Improving Code Review at Datto, Looking at our Nitpicks

Nitpicks, or nits, in code review are ubiquitous and unavoidable. But what if we could have code reviews with fewer nits–and ensure that the nits that did exist were truly valuable? A few months ago, I presented some data internally on Datto’s code review nitpicks. The discussion that followed was lively and is shaping how we at Datto review code. I thought I’d take the opportunity to share the nitpick findings here in a shameless plug to entice readers of today to become the Datto engineers of tomorrow. It is a joy to work with talented engineers who are willing to engage and grow; come join our journey.


Improving Code Reviews

The reason for looking into nits stems from a desire to improve the code review process on my team. The ideal code review process goes something like this:

  1. Engineers work to deliver business value and commit the code that flawlessly delivers that value the very first time.
  2. When colleagues go to review the code, they are edified in its reading and quickly approve the merge request.
  3. There is no need for feedback because the code was perfect.
  4. The business then benefits from the code expeditiously.

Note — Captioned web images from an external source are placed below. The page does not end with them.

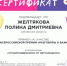 II Всероссийская... - Технологический техникум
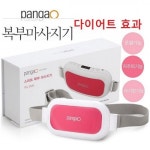 세계 3대 광천수로 만든 아임톡 런칭 팡가오 스마트 복부마사지기(PG-2641)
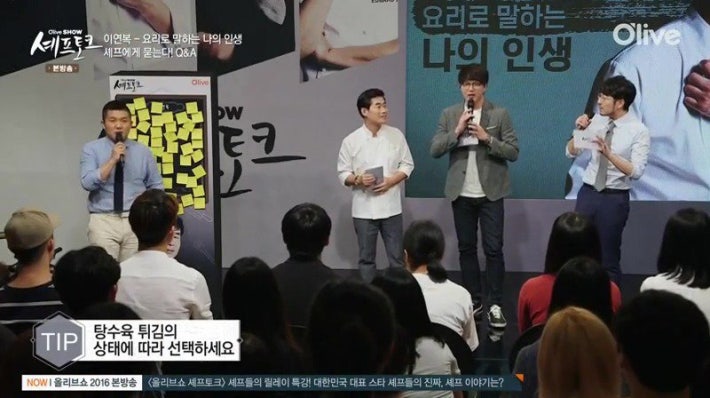 이연복 셰프님은 탕수육 부먹 vs 찍먹?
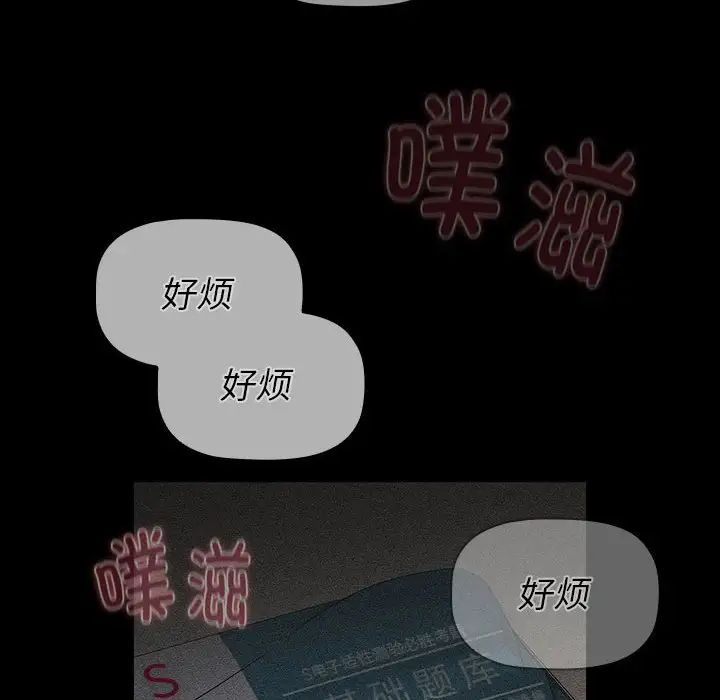 分组换换爱第121话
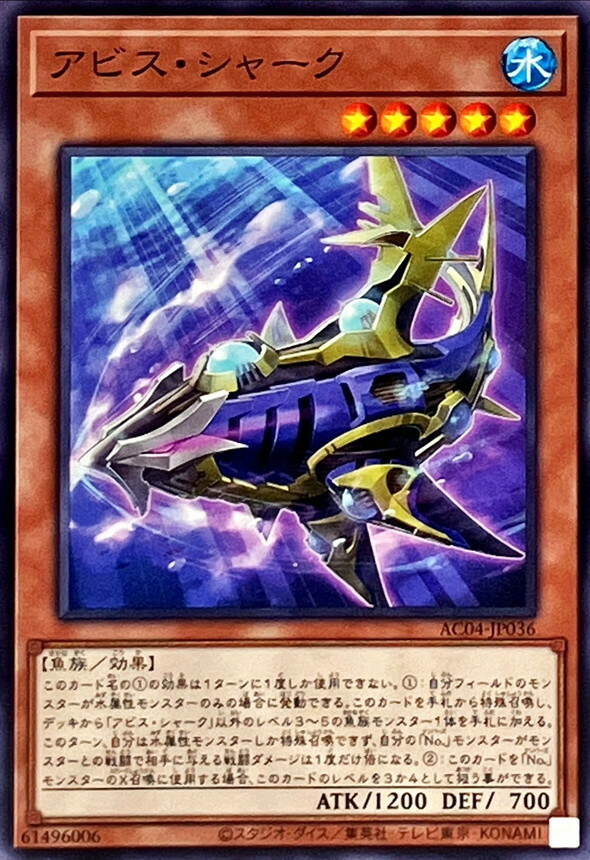 AC04-JP036 アビス・シャーク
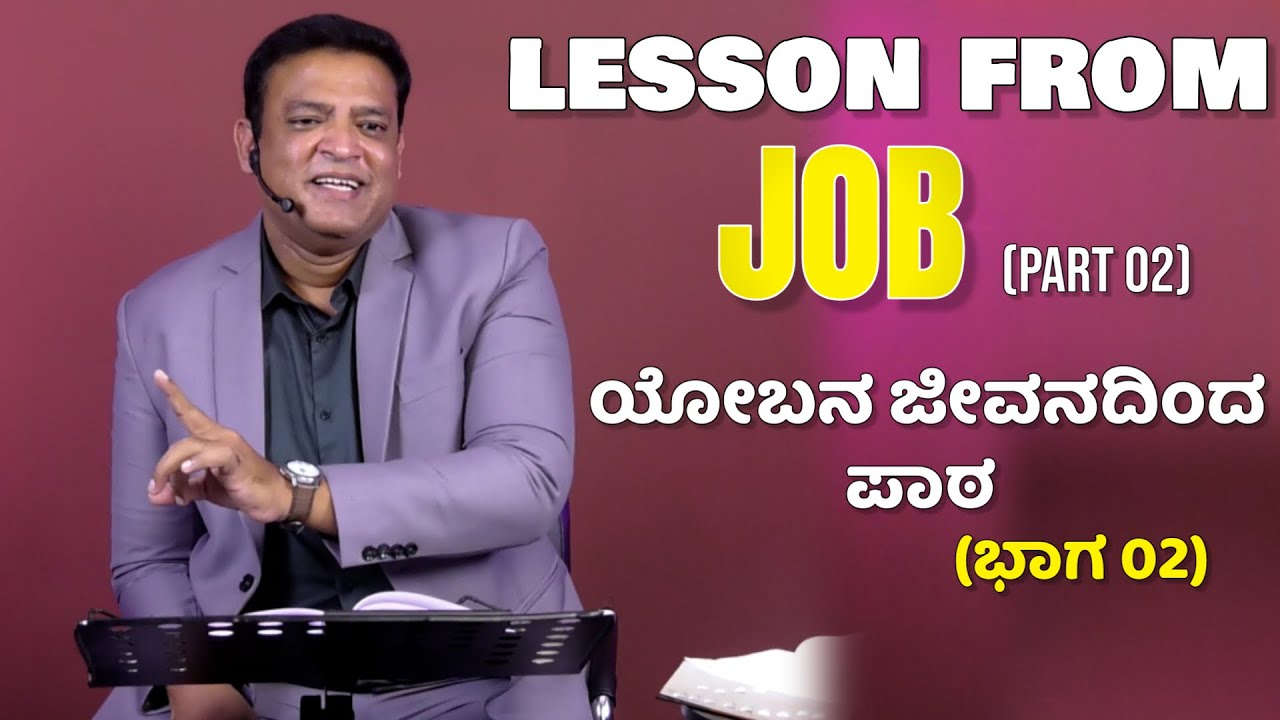 Pastor Philip Babu-Lesson From Job (Part 02)-ಯೋಬನ ಜೀವನದಿಂದ ಪಾಠ (ಭಾಗ 02)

That’s the ideal, but as great as our Datto engineers are, we are also human. So, our code can fall prey to the common failings of most engineers and our code is initially imperfect. The reviews and comments of our fellow engineers aim to perfect it. It’s within this review process that the nits appear.

Reviewers have a lot to say during code review, so why am I focusing on nits? The word nit carries a lot of connotations in software review and it is one of the few labels that reviewers proactively apply to their comments. My working definition of a nit is this: a review with the label nit is less substantive than a review without it. When a reviewer applies the label, they intend for the engineer to give it less weight than if the label were missing.


12 Buckets of Nits

Gathering the reviews was fairly trivial with Gitlab’s API. Loop through each of our projects, search for “nit” with a scope of notes, and you’ve got some nits! The results were on the order of magnitude of a few thousand. And as committed as I am to this analysis, I didn’t particularly want to slog my way through reading thousands of nits. Initially I tried to apply some text analysis tools to it (the most fruitful being the YAKE algorithm which helped with some initial bucket identification). That only helped with a fraction of the nits, however. The solution then was sampling. Using a 95% confidence level with a 4% confidence interval brought me down to just a several hundred nits to read through: something I found to be much more manageable.

The nits I reviewed fell into 12 different buckets:

  1. New Line
  2. Spacing
  3. Quotation
  4. Case
  5. General Formatting
  6. Spelling
  7. Descriptions
  8. Duplication
  9. Renaming
  10. Project Consistency
  11. Self Effacing
  12. Voice of the Engineer

The first five buckets constituted about 24% of all nits. These are the types of feedback that we can, and should automate, through our continuous integration pipelines with linters and formatters. These types of trivial feedback can be done by robots, not by humans. The robot feedback has the added benefit of being given much more quickly as a quality gate.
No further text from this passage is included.